A very distinguishing record, the band do not refrain from showing their own colours, their unique sound setting them up to stand out from start to finish. The album opens up with their 2019 single, the snazzy, jazzy, and yet still moody Right Around The Clock, blending lead singer Asha Lorenz’s unimpressed, almost sexual vocals, with the dark and bouncy saxophone-heavy track co-produced by the great James Dring (Gorillaz, Blur, Lana Del Rey). The song is full of captivating sass, lyrical sarcasm, and a sizeable Tears For Fears reference, helping further the message of the song, which regards, an obsession with fame and those who have it.
Other equally as moody (and complex) tracks such as In Unison, and Rock ‘n’ Roll Star boast an intricate, smooth production, continuing the ‘jazzy’ feel to the entire record, which is fitting, as Domino Records, the groups label, has confirmed they were inspired by Tony Bennet during the creation of the album. The overall effect being a melancholic, somewhat passive-aggressive, sophisticated and consistent record that demonstrates their impressive prowess, both lyrically and sonically.

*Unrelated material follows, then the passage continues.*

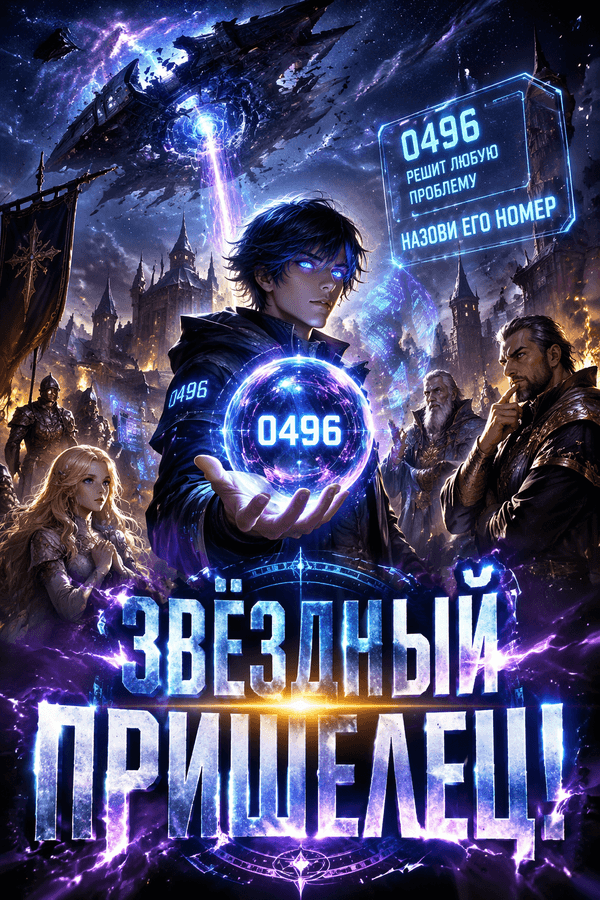 Звёздный пришелец!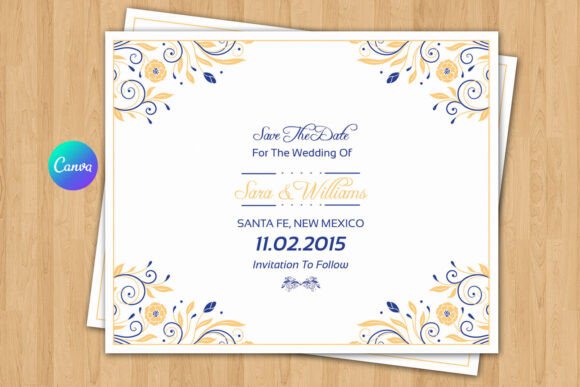 Wedding Save The Date Templates: A Simple Guide to Making Your Own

With lyrics like ‘I was nervous as hell, a bottomless pit/Snakes didn’t even scare me quite like you did’, Sorry sometimes even come across as a more melody-driven Smashing Pumpkins, with the constant basslines and half-whispering/whimpering/confessional vocals of Snakes, the third track on the album. The seamless combinations of various genre elements bring the project together, with moment’s like the Blondie-esque guitar intro on Starstruck, paired with the lyrics and production that makes the band come across as the edgier, more show-offy cousin of fellow London indie band, The xx. There are indie-electronica leaning characteristics in every track, as well as some subdued-grunge components, and a big shoegaze/dreampop influence as well, aiding the sonic landscape that is 925 to reach it’s intended imagery as portrayed in it’s lyrics.

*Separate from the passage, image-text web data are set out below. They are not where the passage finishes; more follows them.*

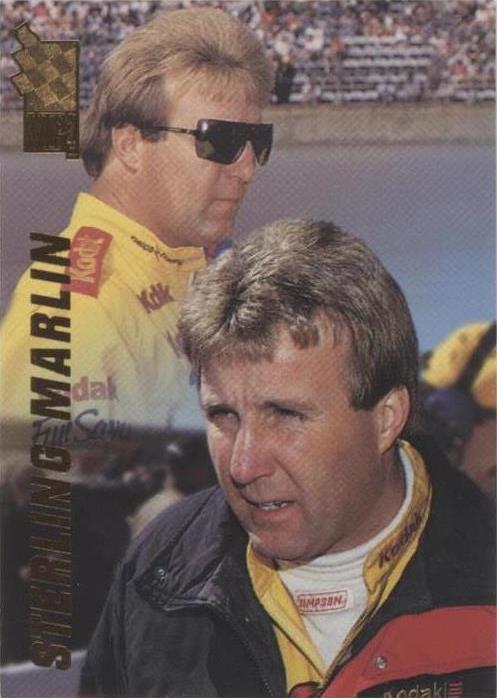 1994 Press Pass VIP - Sterling Marlin #20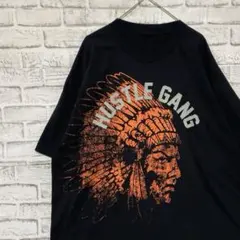 ユーロ古着ヴィンテージTシャツ！ブラック半袖2XL0507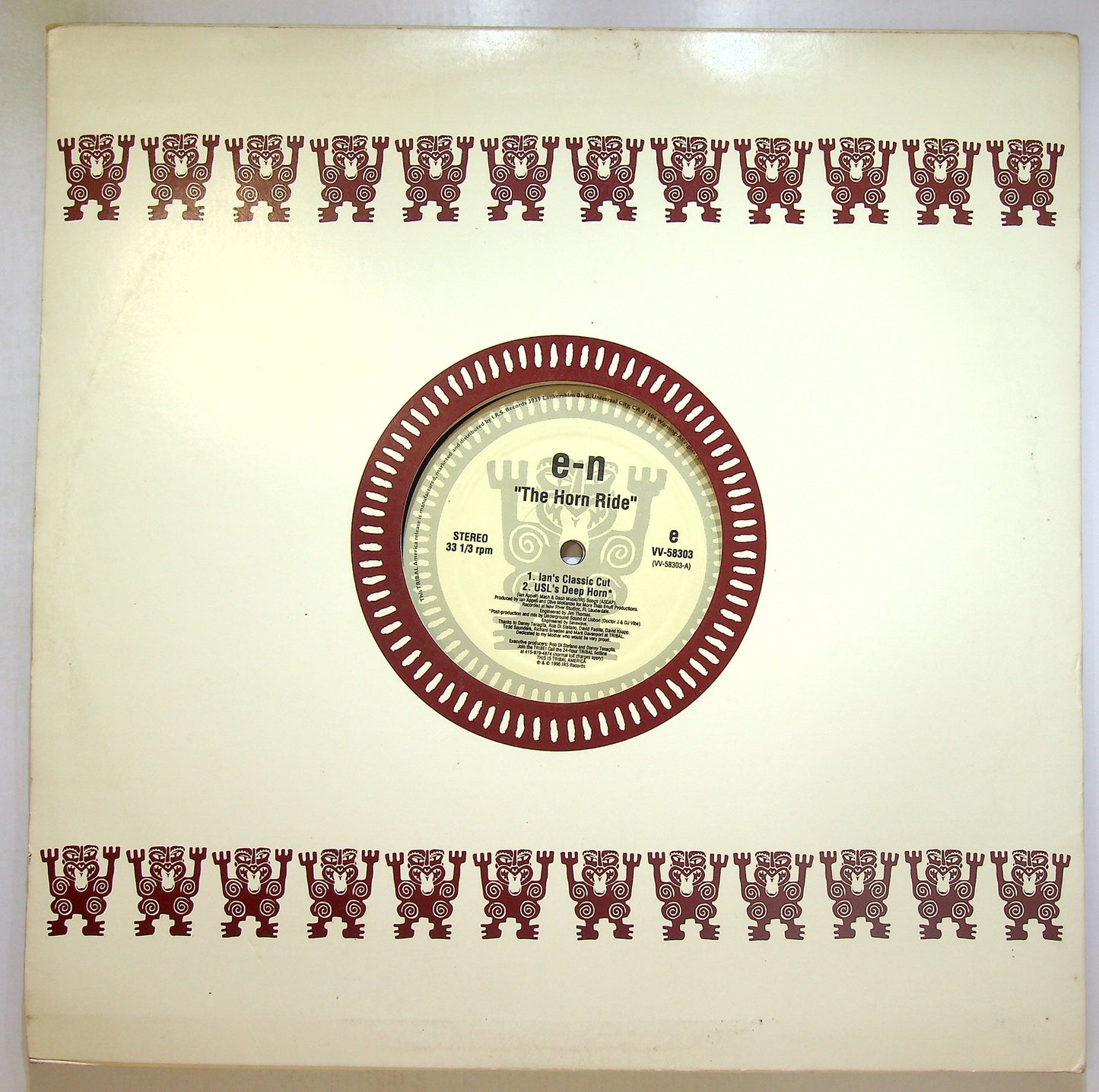 EBOND e-n - The Horn Ride Vinile V103094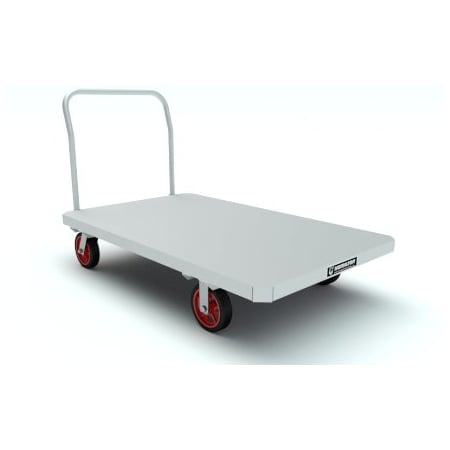 Platform Truck 36X60 Steel Deck Ar Whls MPN:PM5108-A-AY3660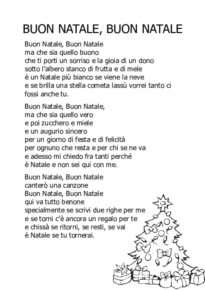 Buon Natale Buon Natale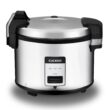 CUCKOO CR-3032 30-Cup (Uncooked), 60-Cup (Cooked) Large Capacity Commercial Rice Cooker & Warmer (Silver/Black)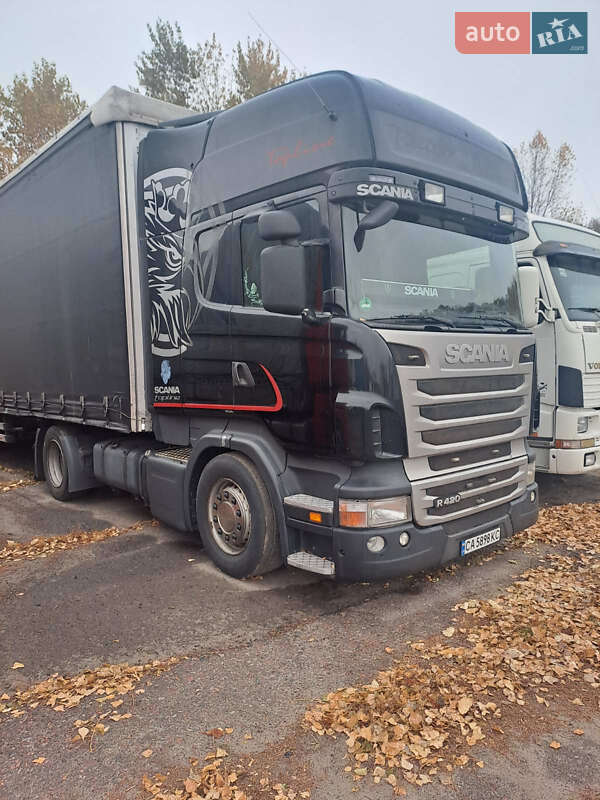 Тягач Scania R 420 2012 в Черкасах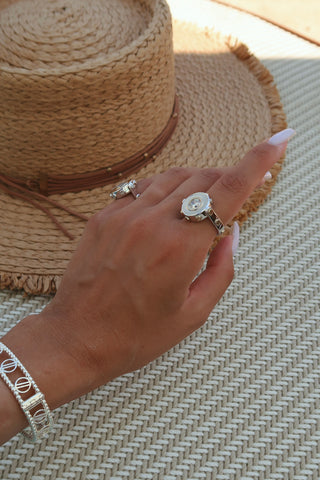 OFIRA GOLD ICON RING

An almost feverish energy is present among some of the songs on the record, such as Wolf, as we realise the record swings fluidly back and forth between bitter-sweet and what the bands label have described as ‘hellish’, a sort of Jekyll/Hyde of indie rock, using the mysterious cloak-and-dagger sound to achieve a confused, emotional, and elaborate record. True unique and independent artistry at it’s best, Sorry’s 925 is an album well worth the wait, an extraordinary first full-length record, full to the brim of innovative and delicate energy that could rival that of Bon Iver, all the while being one of the most unique records you’ll hear all year.